The national result showed capital city prices slightly down by -0.2 per cent in the first quarter of 2016, although these figures pre-date any impact from the latest interest rate cut, with prices now on the rise again in many parts.
Over the year to March 2016 the best performing markets were Sydney (+9.7 per cent), Melbourne (+9.8 per cent), Canberra (+4.6 per cent), Hobart (+4.2 per cent). and Brisbane (+4.1 per cent).
However, prices were down year-on-year in Perth (-4.5 per cent) and Darwin (-4.7 per cent).
Sydney, Perth, Darwin, and Canberra all saw their price indexes decline in the first quarter.
In Sydney’s case the inner suburbs are still performing strongly – very strongly in many cases, with some massive results being recorded – but secondary locations have come off quite a bit since the third quarter of 2015.
Brisbane clung on to its “Mr. Consistent” tagline, notching up its 15th consecutive quarterly gain – prices in Brisbane are up by a steady 22.4 per cent since the financial crisis.
House price analysis often suffers from the cherry picking of start dates – I’ve done it myself in teh chart above – and you can pretty much make the data say almost whatever you want.
For example, by cherry-picking a start date of 2003, I can show Sydney as having been a relative “under-performer” to Melbourne, Perth, and Darwin.
Whereas in reality the median 1995 house price in Sydney was well under $200,000.
It’s about $1 million today.
I’m not sure what you should infer from that.
Basically, unless you are a great market timer – which most people aren’t – capital city buy and hold investment has been an outstanding bet over the long run.
To beat the material transaction costs, market timers would need to have bought and sold well in order to outperform.
The data above does show quite neatly how the resources capitals have cooled off in sympathy with the end of the mining investment boom.
No mean feats
Mean dwelling price growth has generally eased since APRA’s tightening measures, although average prices are still materially higher year-on-year in Sydney (+54,500), Melbourne (+$48,000), Brisbane (+$17,300), Adelaide (+$16,300), and the ACT (+$24,600).
Dwelling stock expands
Finally for today, the ABS also provides some useful figures on the estimated number of dwellings in each state.

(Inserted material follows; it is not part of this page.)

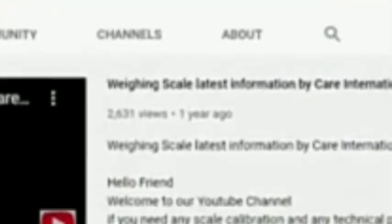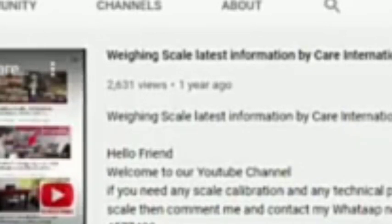Before starting the video, let me tell you that on our channel we cover all kinds of weighing scale and indicator calibration, indicator repairing, load cell repairing, and the cost of weighing scales. If you have any questions about weighing scales you can ask us. If you are new to our channel and haven't subscribed yet, quickly subscribe and press the bell icon so every new video reaches you easily.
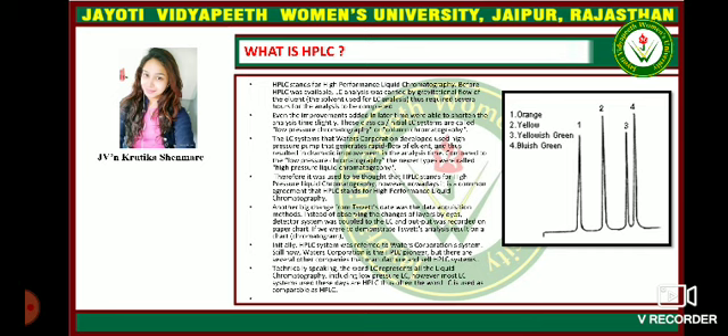However, nowadays it is common agreement that HPLC stands for high performance liquid chromatography. Another big change was the data acquisition method. Instead of observing the changes of layers by eye, a detector system was coupled to the liquid chromatography and the output was recorded on a paper chart. Initially the HPLC system was referred to as the Waters Corporation system. Waters Corporation is still a pioneer in HPLC, but there are several other companies that manufacture and sell HPLC.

The total number of dwellings increased by an estimated 39,000 in the first quarter to 9,661,500, to be 171,700 or 1.8 per cent higher over the year to March.

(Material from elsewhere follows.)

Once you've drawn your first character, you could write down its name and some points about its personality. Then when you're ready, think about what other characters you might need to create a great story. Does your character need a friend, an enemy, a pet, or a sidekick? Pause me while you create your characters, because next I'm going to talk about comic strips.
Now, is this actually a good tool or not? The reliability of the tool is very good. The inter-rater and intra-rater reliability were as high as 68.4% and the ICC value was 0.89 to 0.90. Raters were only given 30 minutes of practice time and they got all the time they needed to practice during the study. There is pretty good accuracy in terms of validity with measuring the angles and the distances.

The chart helps to show how with the largest population, increases in dwelling supply reltatively speaking have a less dramatic effect in New South Wales.
Over the past four years NSW has managed to increase its dwelling stock by just 4.8 per cent, as compared to say 10.8 per cent in the ACT, and 10.3 per cent in the Northern Territory.

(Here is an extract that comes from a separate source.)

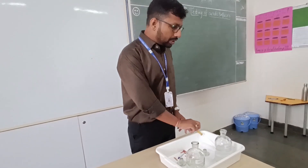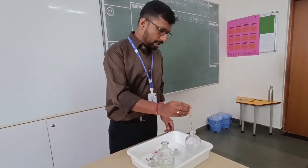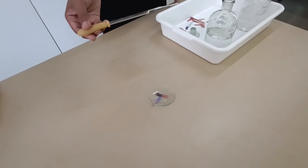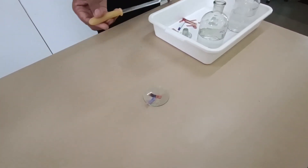Now if I put a base on the same litmus paper, should it again change the color? Let us check. If I put a base onto the same litmus paper, it will again change into blue color. Can you see? It has again changed into blue color.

Victoria has comfortably been the most efficient planner and builder, adding an impressive 182,700 dwellings in four years, for an increase of 8 per cent.
Since this data series began in September 2011, Victoria has built by far the greatest number of dwellings at 204,800.
The demographics figures are not yet available to March 2016, but the population has likely grown by ~460,000 since that time, so the new supply has generally been well absorbed.
Over the same time period New South Wales has added about 28 per cent fewer dwellings at 146,900, with the population increase over that time being around ~450,000, so generally the new supply has been well absorbed here too.
Overall, the March figures showed a cooling of dwelling prices, although more recent indicators have shown activity on the rise again in Sydney since interest rates were cut.
There are some conflicting factors on the horizon for our property markets.
On the positive side of the ledger, the inner suburban capital city markets will likely see a boost from new visa rules effective 1 July.
That having been said, there are some curve balls in the post.
Banks are presently making it more difficult for non-resident borrowers to secure finance, for example, suggesting that regulators are keen to keep a lid on price growth going forward, while some state governments have also made a revenue grab on stamp duty for non-resident buyers.
Further, there is a high volume of supply set to hit the market over the next couple of years, which should help in part to negate the impact of any further monetary easing.